Alzheimer ilk kez 1907 yılında, postmortem araştırmalar (otopsi) sırasında, yaşlılık bunaması belirtilerine sahip bireylerin beyin dokularındaki sinir lifi düğümlerinde ve sinir uçlarındaki plaklarda anormal oluşumlar keşfeden Alman nörolog Alois Alzheimer tarafından tanımlanmıştır.
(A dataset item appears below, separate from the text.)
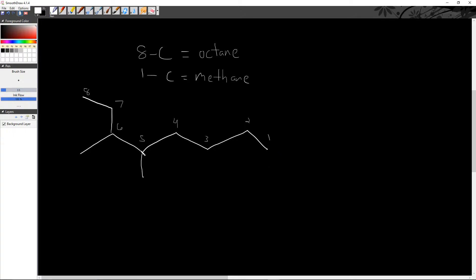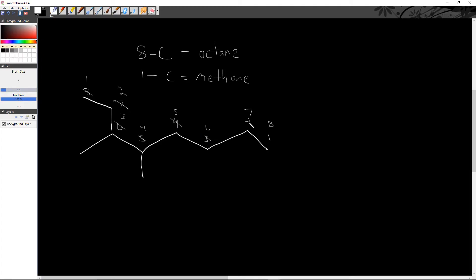We need to use the smallest numbers possible when numbering. With the current numbering, the two substituent positions would be five and six. But if we number from the other end — one, two, three, four, five, six, seven, eight — the substituents fall on carbon three and carbon four. Three and four are smaller than five and six, so we reverse the numbering. Remember: always use the smallest numbers possible, and feel free to reverse your numbering to achieve that.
Alzheimer hastalığının ilerlemesi; beyin biyokimyası, yapısı ve fonksiyonunda meydana gelen bir takım değişikliklerle karakterize edilmektedir. Arizona, Tuscon, Alzheimer’ı Önleme Vakfı Başkanı ve "Uzun Ömürlü Beyin” kitabının yazarı Dr. Dharma Singh Khalsa; "Alzheimer’a sahip beyindeki sinirler ölür, beynin iki bölümü (ön beyin ve hipokampüs) arasındaki çok önemli bağlantılar düşünme ve hafızadan sorumludur” demiştir. Alzheimer hastalarının beyin otopsileri; Dr. Khalsa ve diğerleri tarafından pekiştirilen gerçeği; ölü hücresel materyallerin pıhtılarını ya da plak ve lezyonları göstermektedir. "Sinirlerin protein yığını ile kaplanması onları anormal liflerin işlevsiz yumak kitlelerine dönüştürür.” Bu "nörofibrileryumaklar” en sıklıkla beyinin hafıza merkezi olan hipokampüste meydana gelir.
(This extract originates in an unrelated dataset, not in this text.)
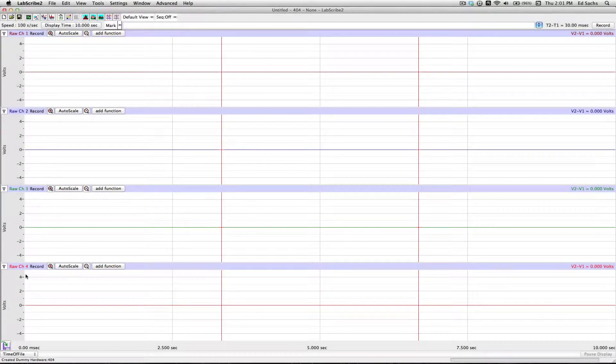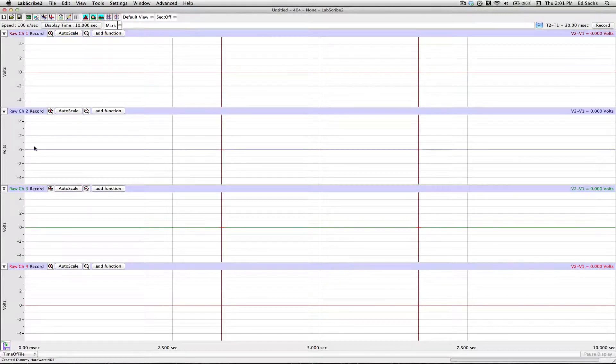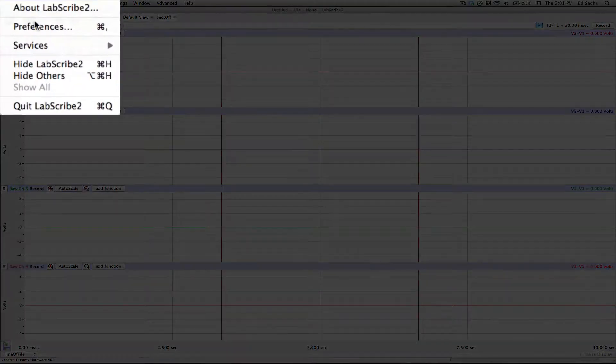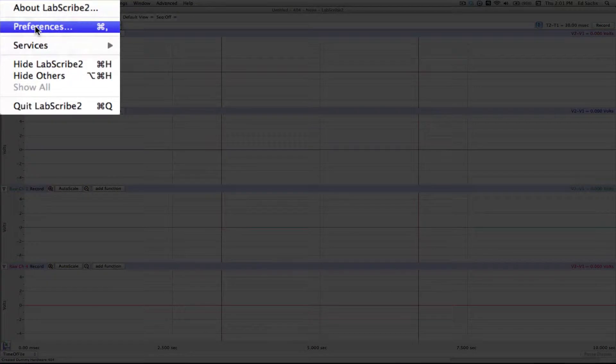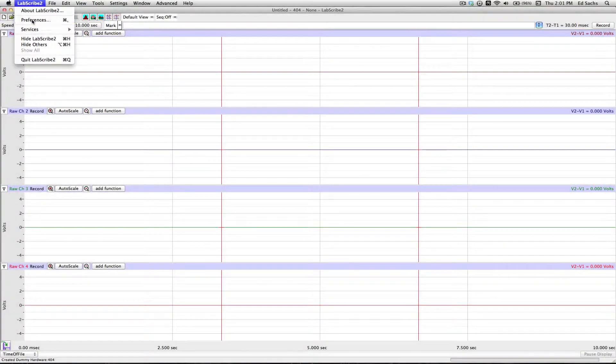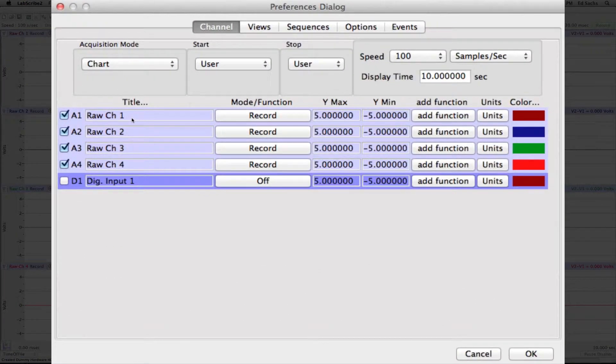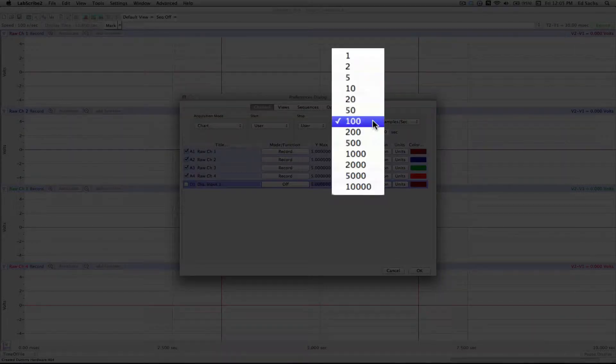To set up the protocol, let's change the display settings. Go to LabScribe, Preferences (on a PC that would be Edit Preferences). And in the setup box, first we'll change the speed to 1,000 samples a second.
Bu; Alzheimer’ın doğuşu olarak görülen, beyindeki bazı belirli proteinlerin bozuk süreçleridir. Son yıllarda yapılan çalışmalar, beyindeki kusurlu proteinleri normal şekilde imha eden enzimlerde işlev bozukluğu olabildiği, bunun ise amiloid protein plaklarının birikmesine yol açtığını göstermektedir. Bu amiloid plakları sinir hücreleri arasındaki boşlukları doldurur, nöronlara zarar verir ve sinir hasarına katkıda bulunabilen bir bağışıklık yanıtı ile bölgesel inflammasyona neden olur.
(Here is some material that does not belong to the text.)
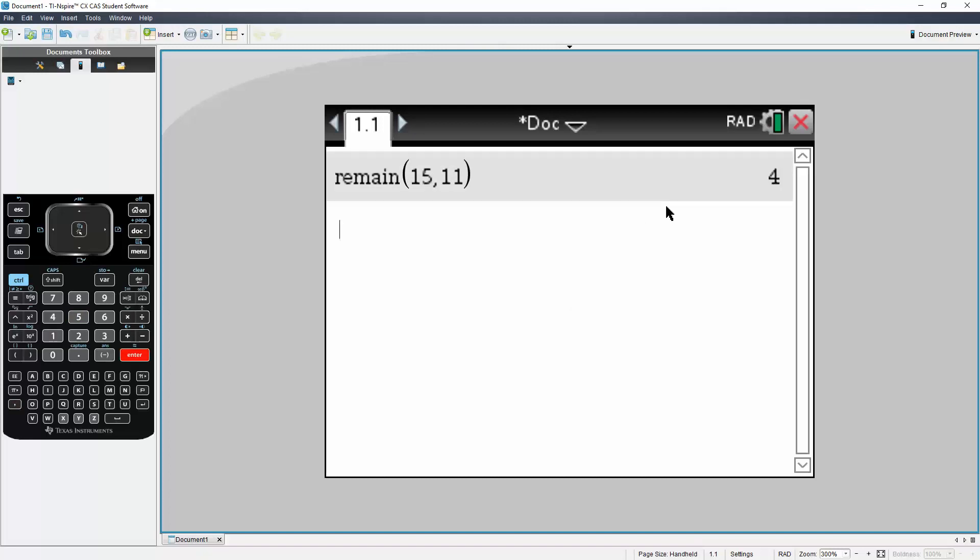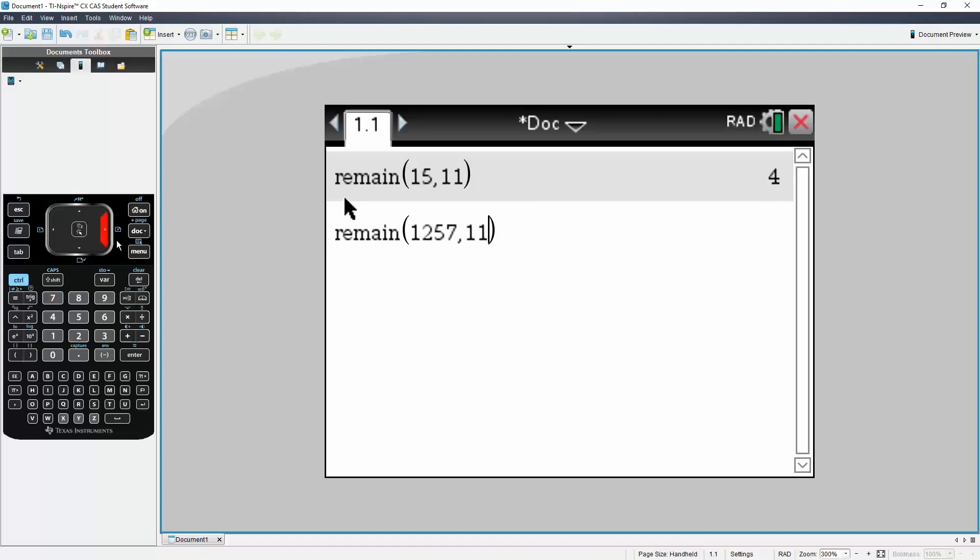The second number we had was 1,257 divided by 15. Same exact process. So we have 1,257 divided by 15, comma 15.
Dentritleri (sinir hücreleri arasındaki çoklu dallanmış bağlantılar) kaybolduğunda, çok sayıda beyin hücresi büzüşür ve ölür.
Ayrıca, hafızanın ana moleküler taşıyıcısı olarak düşünülen ve asetilkolin olarak adlandırılan önemli bir beyin kimyasalının (nörotransmitter) seviyesinde %90’a varan düşüş meydana gelebilir. Alzheimer hastalarında, beyin hücrelerinden beyne gerekli enerjiyi elde etme yeteneği düşüktür. Aynı zamanda, asetilkolin sentezi ve metabolizasyonu için gerekli olan enzimler de yetersizdir. Sonuç olarak sinir hücreleri şişer, büzüşür ve sıklıkla da ölürler.